## EXERCISE INPUT

* * * * * * * * *

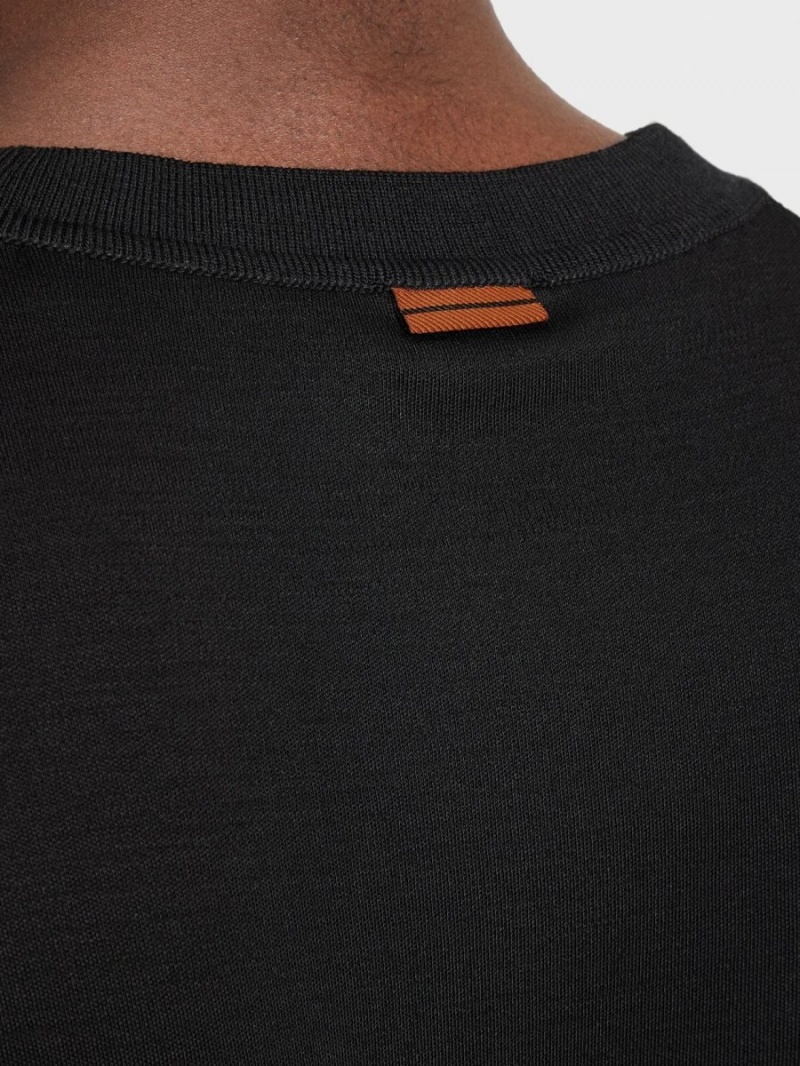 Black Zegna High Performance Wool T-shirt | WVRQNGB-45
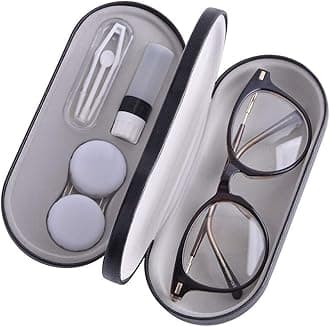 Contact Lens Case - 2 in 1 Double Sided Portable Glasses Case - Mirror - Tweezers and Applicator Included - Perfect for Home Travel-Black ¡­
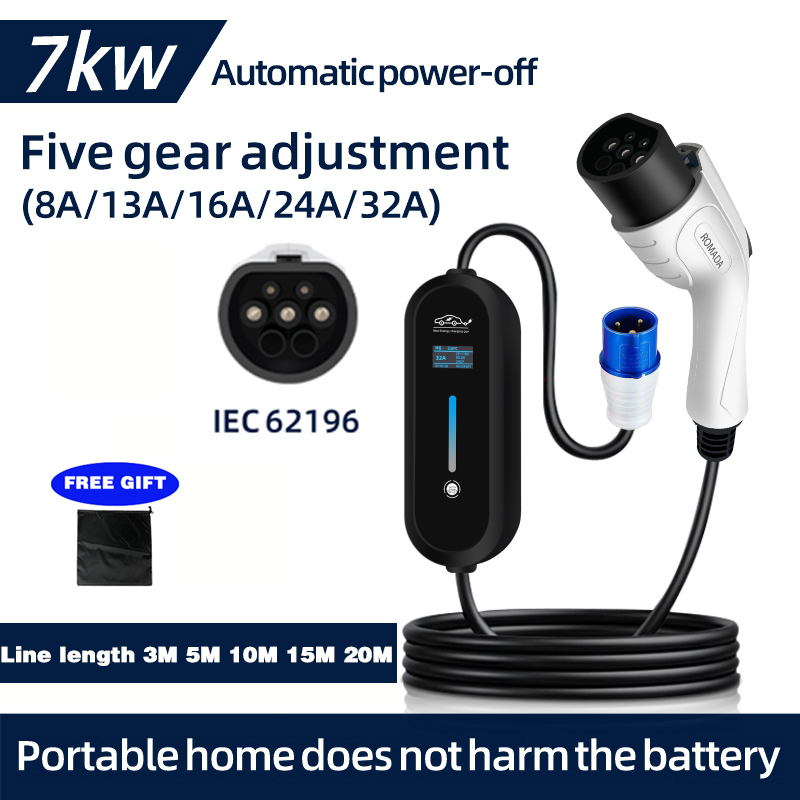ROMADA 7KW 32A EV Przenośna ła – Portable Ev Charger 32A Type 2 Cee Plug recenzja i cena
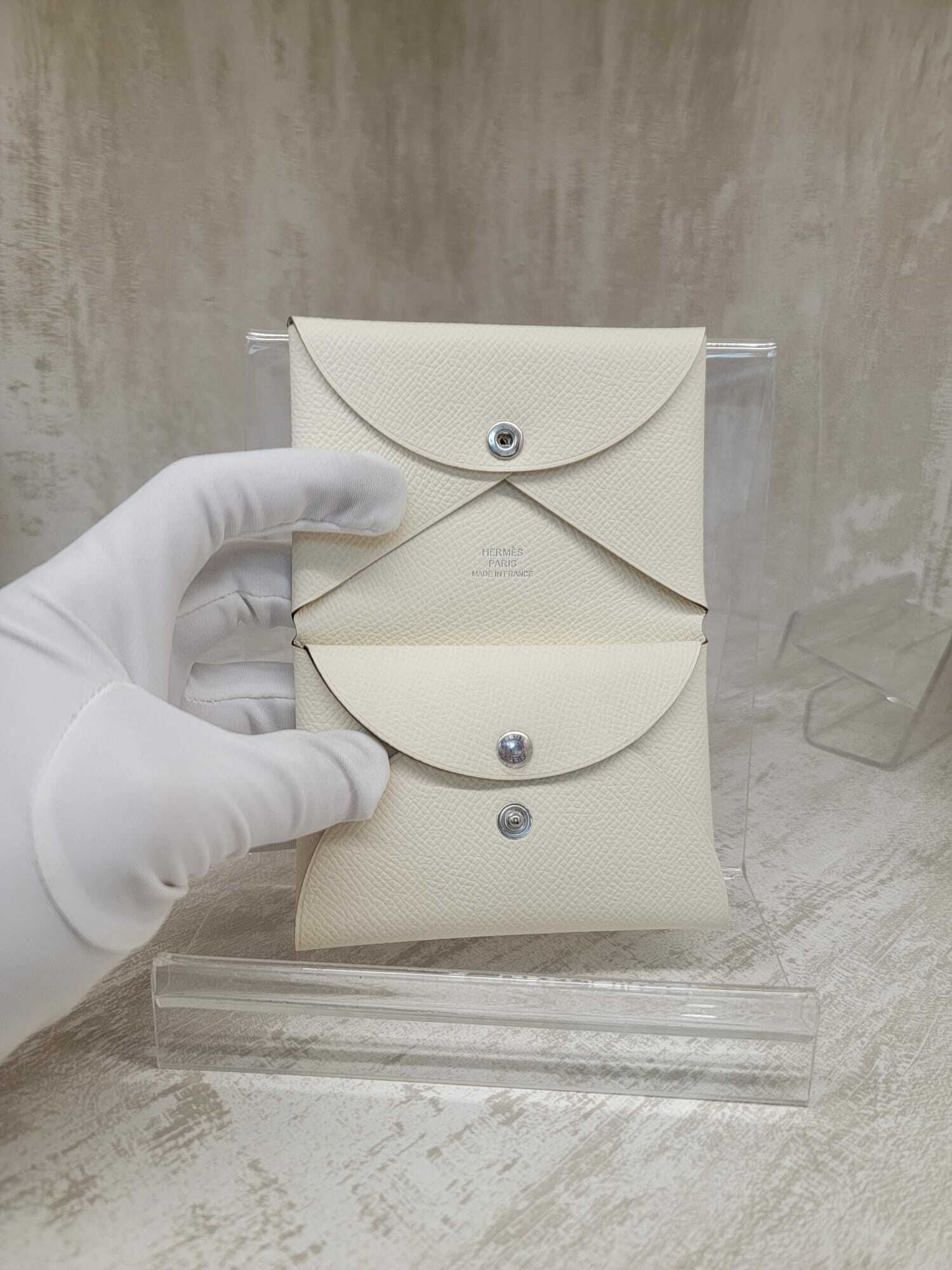 Hermes calvi duo nata 卡包 奶油白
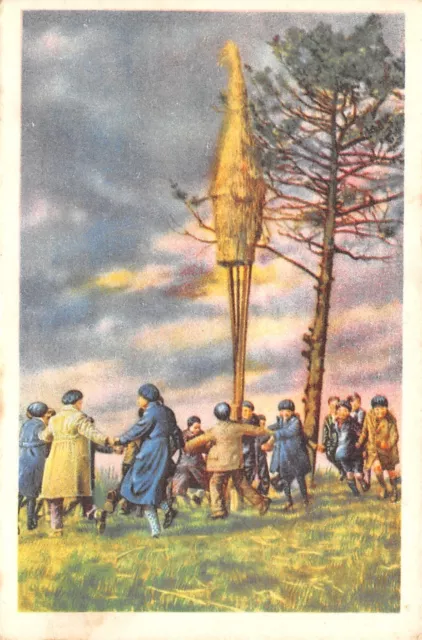 Belgium Chocolate Folklore Trade Card~Ritual Rings Boven Op Tonnekenabrand c1890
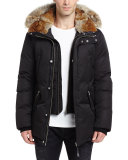 Lux Hooded Jacket w/Coyote & Rabbit Fur Trim, Black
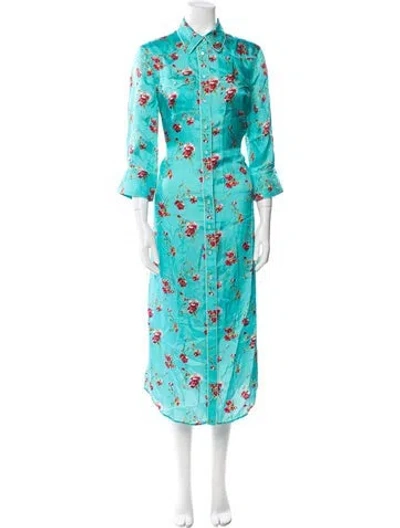 Pre-owned R13 Floral Print Long Dress In Blue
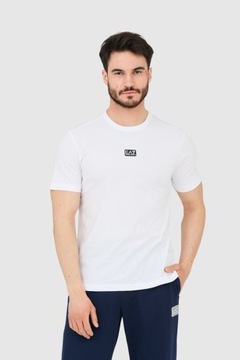 EA7 Biały t-shirt męski z naszywką z logo M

* * * * * * * * *

## TASK ITEM
Omit the pictures, then quote the rest of the material above exactly.

## ANSWER TO THE EXERCISE
 Black Zegna High Performance Wool T-shirt | WVRQNGB-45
 Contact Lens Case - 2 in 1 Double Sided Portable Glasses Case - Mirror - Tweezers and Applicator Included - Perfect for Home Travel-Black ¡­
ROMADA 7KW 32A EV Przenośna ła – Portable Ev Charger 32A Type 2 Cee Plug recenzja i cena
 Hermes calvi duo nata 卡包 奶油白
 Belgium Chocolate Folklore Trade Card~Ritual Rings Boven Op Tonnekenabrand c1890
 Lux Hooded Jacket w/Coyote & Rabbit Fur Trim, Black
 Pre-owned R13 Floral Print Long Dress In Blue
 EA7 Biały t-shirt męski z naszywką z logo M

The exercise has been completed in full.